[Source material Boundary: Start]
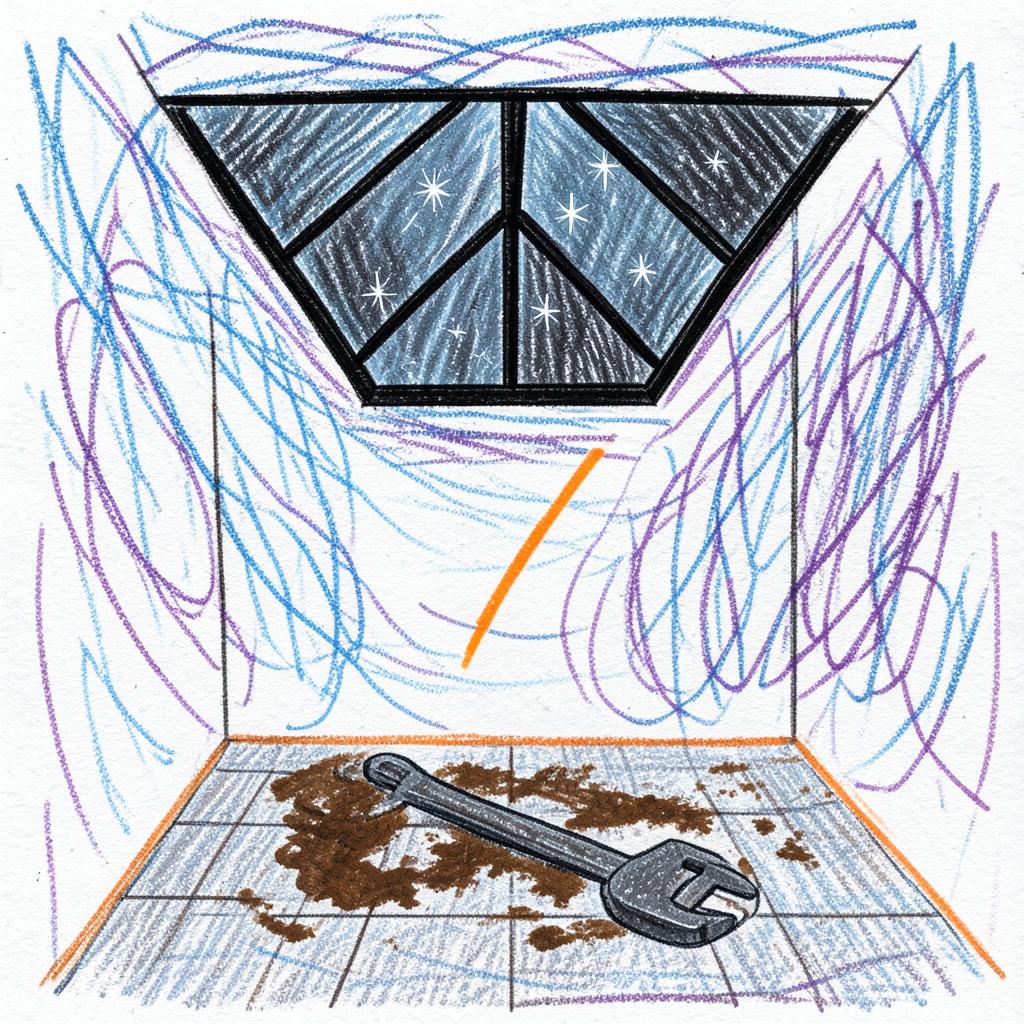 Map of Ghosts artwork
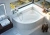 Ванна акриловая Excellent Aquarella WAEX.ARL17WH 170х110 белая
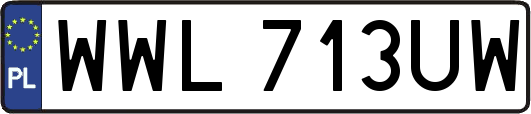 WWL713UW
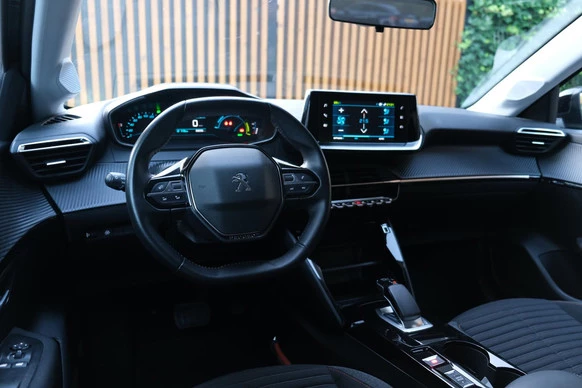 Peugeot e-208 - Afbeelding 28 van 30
[Source material Boundary: End]
**Work item:** Output the data exactly, pictures omitted.

**Response below:**
 Map of Ghosts artwork
 Ванна акриловая Excellent Aquarella WAEX.ARL17WH 170х110 белая
 WWL713UW
 Peugeot e-208 - Afbeelding 28 van 30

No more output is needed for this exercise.